## [EXERCISE INSTRUCTIONS]
Only the lines from the one containing "農(nóng)村二層別墅圖主" through the one containing "Detached Villa with" should be printed, exactly as they appear below, with both ends included.

[[ DATASET ENTRIES open ]]

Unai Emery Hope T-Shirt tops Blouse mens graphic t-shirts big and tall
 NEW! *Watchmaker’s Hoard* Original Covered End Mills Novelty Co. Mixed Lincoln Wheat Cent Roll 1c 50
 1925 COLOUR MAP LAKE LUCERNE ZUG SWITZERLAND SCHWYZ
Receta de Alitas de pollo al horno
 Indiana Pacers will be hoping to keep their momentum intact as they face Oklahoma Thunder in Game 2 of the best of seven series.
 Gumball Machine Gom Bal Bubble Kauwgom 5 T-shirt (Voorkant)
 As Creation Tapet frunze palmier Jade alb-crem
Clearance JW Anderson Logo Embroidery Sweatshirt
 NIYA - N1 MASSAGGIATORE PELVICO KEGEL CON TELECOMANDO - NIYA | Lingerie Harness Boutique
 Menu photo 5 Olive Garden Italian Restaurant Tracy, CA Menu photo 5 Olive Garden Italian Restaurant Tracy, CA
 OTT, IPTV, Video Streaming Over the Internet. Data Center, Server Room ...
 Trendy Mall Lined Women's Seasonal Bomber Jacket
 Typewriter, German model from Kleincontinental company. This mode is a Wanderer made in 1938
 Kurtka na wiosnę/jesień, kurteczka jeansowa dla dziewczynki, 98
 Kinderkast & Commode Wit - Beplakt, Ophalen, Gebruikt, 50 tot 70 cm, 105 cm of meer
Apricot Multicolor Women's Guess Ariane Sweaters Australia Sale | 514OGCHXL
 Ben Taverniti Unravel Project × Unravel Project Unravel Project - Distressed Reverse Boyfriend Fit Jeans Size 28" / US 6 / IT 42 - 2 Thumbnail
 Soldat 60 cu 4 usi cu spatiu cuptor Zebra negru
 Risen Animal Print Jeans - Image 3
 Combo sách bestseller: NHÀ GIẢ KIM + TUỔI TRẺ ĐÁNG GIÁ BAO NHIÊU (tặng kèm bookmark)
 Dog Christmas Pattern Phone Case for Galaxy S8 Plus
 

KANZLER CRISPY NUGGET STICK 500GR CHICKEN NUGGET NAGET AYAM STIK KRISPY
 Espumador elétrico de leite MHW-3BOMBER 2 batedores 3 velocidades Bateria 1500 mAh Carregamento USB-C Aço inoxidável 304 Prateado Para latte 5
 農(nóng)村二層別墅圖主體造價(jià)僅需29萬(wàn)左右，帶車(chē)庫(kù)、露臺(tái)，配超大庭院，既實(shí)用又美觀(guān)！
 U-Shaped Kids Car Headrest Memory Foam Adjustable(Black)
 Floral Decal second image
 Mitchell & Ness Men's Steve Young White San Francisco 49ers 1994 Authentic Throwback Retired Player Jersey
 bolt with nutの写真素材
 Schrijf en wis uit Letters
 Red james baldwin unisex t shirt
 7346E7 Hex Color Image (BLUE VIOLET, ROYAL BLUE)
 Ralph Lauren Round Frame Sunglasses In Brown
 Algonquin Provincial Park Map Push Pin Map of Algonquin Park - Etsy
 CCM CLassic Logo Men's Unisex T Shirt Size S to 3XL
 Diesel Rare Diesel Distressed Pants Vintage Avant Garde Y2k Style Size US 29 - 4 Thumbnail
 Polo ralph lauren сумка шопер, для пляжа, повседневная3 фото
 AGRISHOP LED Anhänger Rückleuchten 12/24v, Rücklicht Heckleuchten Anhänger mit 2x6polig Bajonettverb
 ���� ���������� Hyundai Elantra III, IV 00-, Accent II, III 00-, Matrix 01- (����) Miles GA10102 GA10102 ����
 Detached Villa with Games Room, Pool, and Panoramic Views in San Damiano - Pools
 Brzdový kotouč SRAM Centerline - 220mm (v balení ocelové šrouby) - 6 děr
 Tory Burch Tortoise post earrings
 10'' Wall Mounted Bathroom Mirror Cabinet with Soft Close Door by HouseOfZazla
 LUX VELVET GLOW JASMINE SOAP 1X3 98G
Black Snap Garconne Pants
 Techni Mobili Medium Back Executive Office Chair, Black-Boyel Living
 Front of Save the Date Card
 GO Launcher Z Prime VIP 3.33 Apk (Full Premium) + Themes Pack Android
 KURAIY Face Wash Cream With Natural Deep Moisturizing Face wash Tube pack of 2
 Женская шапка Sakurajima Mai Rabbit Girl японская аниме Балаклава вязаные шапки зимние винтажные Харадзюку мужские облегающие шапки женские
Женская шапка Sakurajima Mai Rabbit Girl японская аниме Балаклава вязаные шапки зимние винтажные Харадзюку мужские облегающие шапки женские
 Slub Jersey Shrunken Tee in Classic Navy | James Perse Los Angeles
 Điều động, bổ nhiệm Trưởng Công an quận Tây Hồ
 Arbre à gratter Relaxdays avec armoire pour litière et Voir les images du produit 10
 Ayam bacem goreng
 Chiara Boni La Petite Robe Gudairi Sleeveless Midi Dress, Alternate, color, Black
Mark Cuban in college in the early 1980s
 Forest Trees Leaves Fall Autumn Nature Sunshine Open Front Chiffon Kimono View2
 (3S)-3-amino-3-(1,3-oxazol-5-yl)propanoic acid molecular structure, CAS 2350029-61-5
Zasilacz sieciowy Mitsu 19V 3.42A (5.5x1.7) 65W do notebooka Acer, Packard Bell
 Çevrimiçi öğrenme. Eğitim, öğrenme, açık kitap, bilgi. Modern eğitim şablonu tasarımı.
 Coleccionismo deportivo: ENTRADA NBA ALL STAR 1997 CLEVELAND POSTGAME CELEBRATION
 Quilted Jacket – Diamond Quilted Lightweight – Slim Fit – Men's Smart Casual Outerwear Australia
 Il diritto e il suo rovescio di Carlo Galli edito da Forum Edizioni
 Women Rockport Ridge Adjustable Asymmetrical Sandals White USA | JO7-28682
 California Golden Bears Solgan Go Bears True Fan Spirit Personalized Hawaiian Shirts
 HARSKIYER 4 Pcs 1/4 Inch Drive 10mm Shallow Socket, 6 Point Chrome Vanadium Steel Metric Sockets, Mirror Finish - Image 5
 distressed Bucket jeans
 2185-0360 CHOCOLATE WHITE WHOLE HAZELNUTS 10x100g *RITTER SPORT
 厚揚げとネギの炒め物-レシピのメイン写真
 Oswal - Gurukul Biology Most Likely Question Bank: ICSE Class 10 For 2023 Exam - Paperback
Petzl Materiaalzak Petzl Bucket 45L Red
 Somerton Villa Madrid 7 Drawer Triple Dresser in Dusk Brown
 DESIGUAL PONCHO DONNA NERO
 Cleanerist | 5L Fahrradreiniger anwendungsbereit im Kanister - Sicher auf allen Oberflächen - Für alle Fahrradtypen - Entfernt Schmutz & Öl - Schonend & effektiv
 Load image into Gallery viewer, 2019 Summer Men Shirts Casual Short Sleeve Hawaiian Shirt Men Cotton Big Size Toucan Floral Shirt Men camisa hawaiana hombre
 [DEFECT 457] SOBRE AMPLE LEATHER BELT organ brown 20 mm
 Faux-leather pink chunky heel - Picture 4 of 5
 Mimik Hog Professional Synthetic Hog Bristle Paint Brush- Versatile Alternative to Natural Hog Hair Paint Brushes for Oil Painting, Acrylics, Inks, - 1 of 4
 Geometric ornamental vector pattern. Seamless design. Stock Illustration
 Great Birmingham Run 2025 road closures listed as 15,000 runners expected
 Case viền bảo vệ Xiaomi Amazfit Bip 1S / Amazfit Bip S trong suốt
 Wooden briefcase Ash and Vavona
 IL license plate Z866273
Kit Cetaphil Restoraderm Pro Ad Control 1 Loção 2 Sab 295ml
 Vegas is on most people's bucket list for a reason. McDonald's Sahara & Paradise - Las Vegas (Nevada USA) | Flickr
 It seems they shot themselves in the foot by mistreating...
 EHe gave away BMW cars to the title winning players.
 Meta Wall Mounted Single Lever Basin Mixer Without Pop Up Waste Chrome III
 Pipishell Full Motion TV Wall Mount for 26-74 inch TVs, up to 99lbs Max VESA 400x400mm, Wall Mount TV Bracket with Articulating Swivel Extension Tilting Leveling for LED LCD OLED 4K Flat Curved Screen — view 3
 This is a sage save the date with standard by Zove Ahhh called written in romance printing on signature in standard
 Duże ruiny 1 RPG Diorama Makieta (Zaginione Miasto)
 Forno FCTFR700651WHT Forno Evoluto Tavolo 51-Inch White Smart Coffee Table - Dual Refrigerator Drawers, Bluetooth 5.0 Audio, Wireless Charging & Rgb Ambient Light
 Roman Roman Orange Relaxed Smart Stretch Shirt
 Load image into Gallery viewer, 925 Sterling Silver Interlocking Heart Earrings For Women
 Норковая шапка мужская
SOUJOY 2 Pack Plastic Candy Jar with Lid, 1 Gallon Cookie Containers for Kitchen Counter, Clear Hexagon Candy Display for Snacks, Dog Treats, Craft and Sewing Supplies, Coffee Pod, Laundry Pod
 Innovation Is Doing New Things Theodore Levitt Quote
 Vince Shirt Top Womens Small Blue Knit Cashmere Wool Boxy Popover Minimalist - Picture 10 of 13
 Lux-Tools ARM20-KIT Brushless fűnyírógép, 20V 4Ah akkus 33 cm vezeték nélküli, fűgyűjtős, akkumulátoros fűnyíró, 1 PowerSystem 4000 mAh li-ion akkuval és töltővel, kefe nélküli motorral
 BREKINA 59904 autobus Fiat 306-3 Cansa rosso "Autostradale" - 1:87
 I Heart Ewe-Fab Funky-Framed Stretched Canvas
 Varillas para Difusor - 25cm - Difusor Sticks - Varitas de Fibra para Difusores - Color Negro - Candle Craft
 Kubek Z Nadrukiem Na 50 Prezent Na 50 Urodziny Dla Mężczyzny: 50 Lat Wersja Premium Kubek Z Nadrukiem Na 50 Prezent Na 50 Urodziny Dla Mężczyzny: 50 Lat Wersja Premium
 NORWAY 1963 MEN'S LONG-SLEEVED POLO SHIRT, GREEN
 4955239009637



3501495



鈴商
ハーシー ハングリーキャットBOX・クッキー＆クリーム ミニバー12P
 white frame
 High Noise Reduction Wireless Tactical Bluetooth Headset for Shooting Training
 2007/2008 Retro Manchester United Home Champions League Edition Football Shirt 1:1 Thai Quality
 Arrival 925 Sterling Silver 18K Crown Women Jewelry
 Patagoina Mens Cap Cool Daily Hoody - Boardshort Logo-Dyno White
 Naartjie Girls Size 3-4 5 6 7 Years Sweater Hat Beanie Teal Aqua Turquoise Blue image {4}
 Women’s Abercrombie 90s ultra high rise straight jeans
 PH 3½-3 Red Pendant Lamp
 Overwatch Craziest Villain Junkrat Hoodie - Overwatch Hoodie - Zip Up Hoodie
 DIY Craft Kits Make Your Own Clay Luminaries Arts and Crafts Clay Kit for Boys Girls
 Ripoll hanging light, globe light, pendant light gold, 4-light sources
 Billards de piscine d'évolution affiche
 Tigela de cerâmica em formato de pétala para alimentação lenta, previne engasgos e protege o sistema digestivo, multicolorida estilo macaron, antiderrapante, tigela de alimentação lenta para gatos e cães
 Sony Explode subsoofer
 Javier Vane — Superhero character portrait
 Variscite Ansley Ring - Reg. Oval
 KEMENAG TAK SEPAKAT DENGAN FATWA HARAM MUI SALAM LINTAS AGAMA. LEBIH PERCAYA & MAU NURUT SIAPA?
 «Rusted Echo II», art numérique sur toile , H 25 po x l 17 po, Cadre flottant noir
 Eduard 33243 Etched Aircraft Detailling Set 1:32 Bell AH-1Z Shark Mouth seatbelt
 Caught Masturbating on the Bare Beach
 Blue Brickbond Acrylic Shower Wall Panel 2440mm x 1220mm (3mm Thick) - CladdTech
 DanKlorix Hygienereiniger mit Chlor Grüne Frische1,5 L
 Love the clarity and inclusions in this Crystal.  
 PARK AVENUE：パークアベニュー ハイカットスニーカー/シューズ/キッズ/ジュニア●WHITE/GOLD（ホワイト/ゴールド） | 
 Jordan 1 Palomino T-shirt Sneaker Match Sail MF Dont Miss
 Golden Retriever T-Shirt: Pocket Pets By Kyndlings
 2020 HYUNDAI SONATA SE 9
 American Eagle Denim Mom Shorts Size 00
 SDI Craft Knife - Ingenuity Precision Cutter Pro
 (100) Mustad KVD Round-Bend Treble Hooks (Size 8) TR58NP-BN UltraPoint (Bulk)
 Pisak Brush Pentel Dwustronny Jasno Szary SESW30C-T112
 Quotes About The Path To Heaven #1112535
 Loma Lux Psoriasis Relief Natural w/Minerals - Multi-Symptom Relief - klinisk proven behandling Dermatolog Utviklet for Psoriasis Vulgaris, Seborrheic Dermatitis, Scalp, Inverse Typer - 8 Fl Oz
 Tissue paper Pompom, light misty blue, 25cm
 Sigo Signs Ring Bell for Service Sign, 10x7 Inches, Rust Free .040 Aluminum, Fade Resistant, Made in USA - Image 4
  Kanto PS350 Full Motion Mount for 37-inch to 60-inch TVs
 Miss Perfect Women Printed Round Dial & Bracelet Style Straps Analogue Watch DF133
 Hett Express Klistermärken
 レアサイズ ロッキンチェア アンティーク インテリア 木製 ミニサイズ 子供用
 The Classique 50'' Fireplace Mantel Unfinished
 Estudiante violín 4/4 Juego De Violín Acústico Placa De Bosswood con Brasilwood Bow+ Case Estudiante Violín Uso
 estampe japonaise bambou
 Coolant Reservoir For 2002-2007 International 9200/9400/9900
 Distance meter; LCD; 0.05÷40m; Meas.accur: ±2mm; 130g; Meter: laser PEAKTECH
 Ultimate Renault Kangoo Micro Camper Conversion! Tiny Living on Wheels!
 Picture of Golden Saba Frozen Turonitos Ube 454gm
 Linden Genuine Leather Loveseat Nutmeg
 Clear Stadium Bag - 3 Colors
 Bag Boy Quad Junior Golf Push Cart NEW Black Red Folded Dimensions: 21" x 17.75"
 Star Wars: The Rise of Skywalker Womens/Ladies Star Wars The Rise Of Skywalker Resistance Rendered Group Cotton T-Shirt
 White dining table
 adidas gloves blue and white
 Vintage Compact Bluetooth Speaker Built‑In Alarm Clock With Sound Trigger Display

[[ DATASET ENTRIES closed ]]

## [WRITTEN RESPONSE]
 農(nóng)村二層別墅圖主體造價(jià)僅需29萬(wàn)左右，帶車(chē)庫(kù)、露臺(tái)，配超大庭院，既實(shí)用又美觀(guān)！
 U-Shaped Kids Car Headrest Memory Foam Adjustable(Black)
 Floral Decal second image
 Mitchell & Ness Men's Steve Young White San Francisco 49ers 1994 Authentic Throwback Retired Player Jersey
 bolt with nutの写真素材
 Schrijf en wis uit Letters
 Red james baldwin unisex t shirt
 7346E7 Hex Color Image (BLUE VIOLET, ROYAL BLUE)
 Ralph Lauren Round Frame Sunglasses In Brown
 Algonquin Provincial Park Map Push Pin Map of Algonquin Park - Etsy
 CCM CLassic Logo Men's Unisex T Shirt Size S to 3XL
 Diesel Rare Diesel Distressed Pants Vintage Avant Garde Y2k Style Size US 29 - 4 Thumbnail
 Polo ralph lauren сумка шопер, для пляжа, повседневная3 фото
 AGRISHOP LED Anhänger Rückleuchten 12/24v, Rücklicht Heckleuchten Anhänger mit 2x6polig Bajonettverb
 ���� ���������� Hyundai Elantra III, IV 00-, Accent II, III 00-, Matrix 01- (����) Miles GA10102 GA10102 ����
 Detached Villa with Games Room, Pool, and Panoramic Views in San Damiano - Pools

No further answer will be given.